Apple’s argument is that Apple payment infrastructure is a more user-friendly, secure, and allows for an integrated experience. That might be true. For example, an in-app browser where users can subscribe also comes with its security risks, where a nefarious app might log the credit card information on the side. And Apple might very well argue that users being able to manage their Apple-mediated subscriptions in one place is a better user experience.

Yet, for any non-digital goods, Apple still allows third-party payment options. As bits and atoms (sorry!) merge more and more, the line will be harder to draw. Uber might be a physical service, but what about an Uber gift card? There’ll many more of these lines to draw in the future.

As the owner of its platform, the decision is for Apple to make, but the tingling sense of capriciousness between digital and physical undermines Apple’s “every firm should play by the same rules” rhetoric. People know that makers of big enough apps, like yours truly, have special levers available to them. In its press release, Apple is quick to point out Spotify leaves out Apple’s cut lowers from 30% to 15% after a year. But the same Apple fails to mention how Netflix was able to negotiate a special, instant 15% rate. Even that wasn’t enough to keep Netflix on its platform anyway.

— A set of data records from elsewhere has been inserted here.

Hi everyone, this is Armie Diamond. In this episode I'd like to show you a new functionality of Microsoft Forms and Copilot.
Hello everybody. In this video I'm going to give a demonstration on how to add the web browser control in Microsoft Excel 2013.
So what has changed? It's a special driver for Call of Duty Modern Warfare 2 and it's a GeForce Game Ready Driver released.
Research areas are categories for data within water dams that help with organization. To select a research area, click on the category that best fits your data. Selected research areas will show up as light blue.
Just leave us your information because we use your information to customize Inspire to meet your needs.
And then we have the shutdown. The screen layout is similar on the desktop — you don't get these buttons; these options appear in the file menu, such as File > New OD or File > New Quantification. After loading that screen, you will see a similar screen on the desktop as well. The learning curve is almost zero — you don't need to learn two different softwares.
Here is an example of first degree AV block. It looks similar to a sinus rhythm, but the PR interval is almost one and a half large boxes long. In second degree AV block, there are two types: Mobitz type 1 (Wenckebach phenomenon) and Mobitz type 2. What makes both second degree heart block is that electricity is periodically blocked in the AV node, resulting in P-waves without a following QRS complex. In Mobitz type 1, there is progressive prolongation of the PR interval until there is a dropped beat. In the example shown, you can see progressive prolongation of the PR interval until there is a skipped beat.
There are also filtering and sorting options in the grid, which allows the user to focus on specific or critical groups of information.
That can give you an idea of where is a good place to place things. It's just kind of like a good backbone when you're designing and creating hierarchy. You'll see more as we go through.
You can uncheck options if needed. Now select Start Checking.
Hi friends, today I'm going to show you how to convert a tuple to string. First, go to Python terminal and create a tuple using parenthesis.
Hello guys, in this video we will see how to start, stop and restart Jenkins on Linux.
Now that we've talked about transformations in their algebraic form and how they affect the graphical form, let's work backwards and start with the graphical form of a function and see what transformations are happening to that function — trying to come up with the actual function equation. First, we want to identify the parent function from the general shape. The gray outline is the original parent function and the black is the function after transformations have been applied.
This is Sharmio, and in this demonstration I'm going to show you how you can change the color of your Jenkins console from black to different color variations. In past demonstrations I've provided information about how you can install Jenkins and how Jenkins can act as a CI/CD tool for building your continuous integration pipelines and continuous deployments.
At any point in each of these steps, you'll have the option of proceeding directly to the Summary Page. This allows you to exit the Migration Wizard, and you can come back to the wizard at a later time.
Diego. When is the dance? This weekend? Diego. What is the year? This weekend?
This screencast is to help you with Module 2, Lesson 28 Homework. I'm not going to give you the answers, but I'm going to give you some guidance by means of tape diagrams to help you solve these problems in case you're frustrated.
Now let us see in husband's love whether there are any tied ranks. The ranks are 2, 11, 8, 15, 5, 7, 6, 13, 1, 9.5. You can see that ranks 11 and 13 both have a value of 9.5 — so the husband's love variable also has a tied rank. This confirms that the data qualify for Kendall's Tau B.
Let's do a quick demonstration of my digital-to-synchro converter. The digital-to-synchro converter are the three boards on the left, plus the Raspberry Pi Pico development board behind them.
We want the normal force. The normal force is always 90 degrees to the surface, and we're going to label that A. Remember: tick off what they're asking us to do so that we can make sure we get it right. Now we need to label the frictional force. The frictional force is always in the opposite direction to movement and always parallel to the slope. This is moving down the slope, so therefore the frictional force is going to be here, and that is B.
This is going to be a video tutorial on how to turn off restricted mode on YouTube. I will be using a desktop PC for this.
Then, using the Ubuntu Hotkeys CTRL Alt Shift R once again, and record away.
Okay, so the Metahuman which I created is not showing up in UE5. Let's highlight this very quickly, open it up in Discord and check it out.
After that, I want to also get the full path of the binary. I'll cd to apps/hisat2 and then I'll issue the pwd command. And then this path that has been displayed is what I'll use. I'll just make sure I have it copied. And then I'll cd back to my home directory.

Reading Apple’s response to Spotify, it’s hard at first to not sympathize with the company. I’ve invested, financially and personally, into the Apple ecosystem for more than 15 years and have convinced many people to do the same. I was even a paid customer of Apple’s overly expensive online services like MobileMe, and greatly benefited from them. Services, for better or worse, are Apple’s future.

Therein lies the rub. As Apple leans more heavily into the services revenue, the Cupertino firm will have more of these kinds of decisions. What works for the short term for the health and growth of a platform can be different than what needs to be done for the long-term sustainability, as many platforms are painfully figuring out now. It can also be hard for a company like Apple, where decisions are made in multi-year-long hardware cycles, to adjust itself to changing conditions fast.

The company has already shown signs of maturity, for example, when it changed course about its free trials on Apple Music, following Taylor Swift’s protest. If Apple wants to entice more businesses to its platforms and grow the pie, it should offer more than just access to its billions of users. Building an ecosystem requires long term thinking, and judging the interests of many different stakeholders, including the platform itself.

The best advice for Apple can still be derived from its core principles: do the right thing for the user. If Apple believes that its payment infrastructure is the best in business, it should let it flourish and compete in the marketplace. If makers of physical goods can be trusted with digital payments, the same rights can be extended to digital subscribers too. If Apple finds itself unable charge its double-digit markups, or developers flock to other options, that would only force Apple to either lower its prices or make its services even better to encourage app makers to switch to it. That would be true competition, making things better and cheaper for everyone.